For the treatment of Hodgkin lymphoma, ABVD has been the standard for a decade and a half. ABVD is a combination of drugs. That standard is under threat due to promising trial data from Adcetris, a lymphoma drug developed by Seagen and Takeda.
A combination treatment that contained Adcetris outperformed the standard in the overall survival measure in a study conducted on untreated patients with stage III/IV Hodgkin lymphoma.
Patients that were treated with Adcetris saw a 41% reduced risk of death in comparison with the standard, a follow-up revealed. Adcetris had only 39 deaths in comparison to the standard’s 64, in a trial of 1,334 patients.
Chris Arendt (Ph.D.), Head of Oncology Cell Therapy and Therapeutic Area Unit at Takeda, claims that the promising findings on Adcetris represent a groundbreaking improvement in care. He also said that advanced-stage patients have historically not shown improvement in overall survival outcomes, so the results are encouraging.

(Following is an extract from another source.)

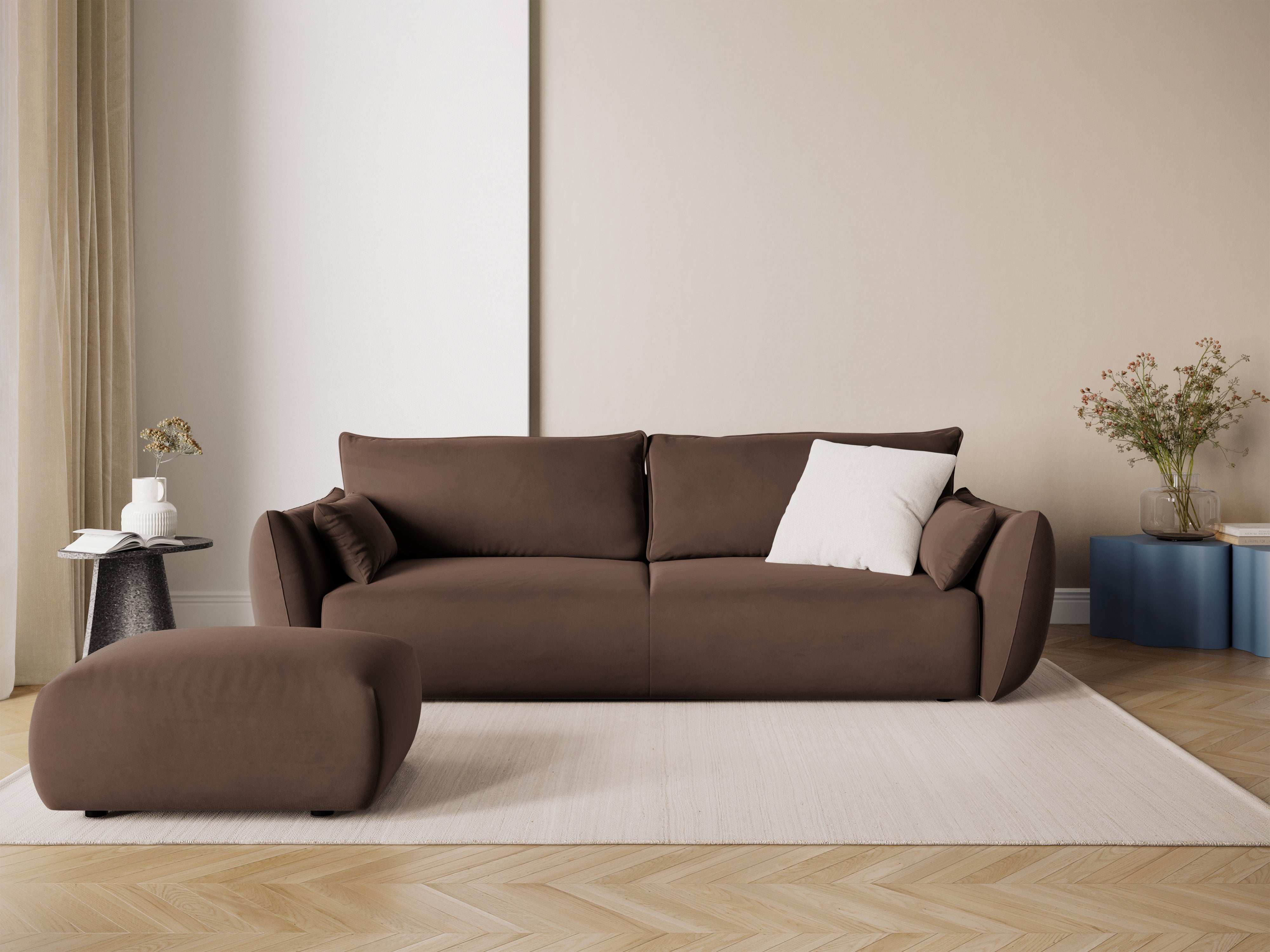 Chocolate velvet pouf MATERA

Stephen Ansell (M.D., Ph.D.), Echelon-1 study investigator said that the results are clearly pointing towards improvement in the long-term outcome and that the Adcetris should be considered a standard in this regard.

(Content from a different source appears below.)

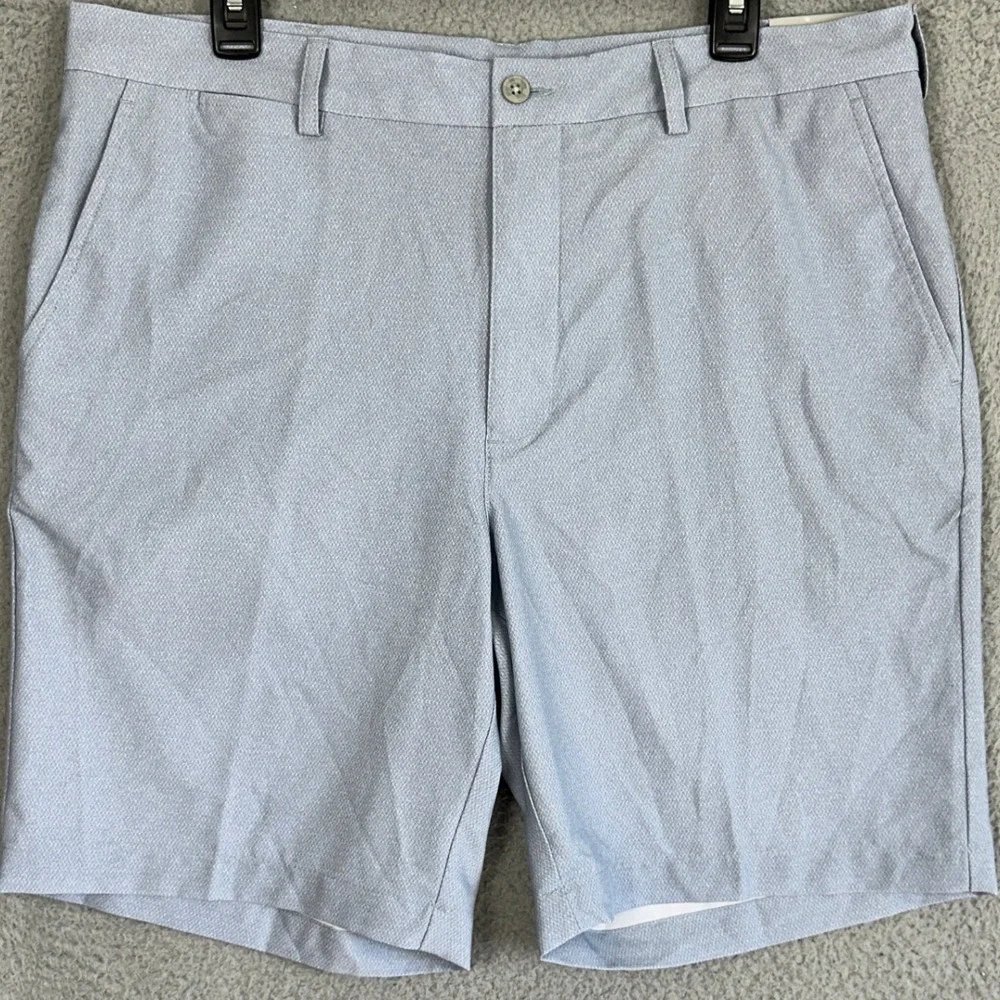 NEW PGA TOUR Shorts Mens 36 Light Blue Performance Golf Chino Stretch Flat Front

The difference in Adcetris combination, compared to standard, is only that it substitutes the antibiotic chemotherapy bleomycin. Vinblastine, doxorubicin and dacarbazine are not changed.
The drug won FDA approval for Hodgkin lymphoma four years ago when it met the primary endpoint of the trial, which was progression-free survival.
At the American Society of Clinical Oncology (ASCO) conference in Chicago, Seagen and Takeda will be presenting the findings with their team. Following the conference, they will be presenting the findings at the European Hematology Association (AHA) meeting on the 10th of June in Vienna.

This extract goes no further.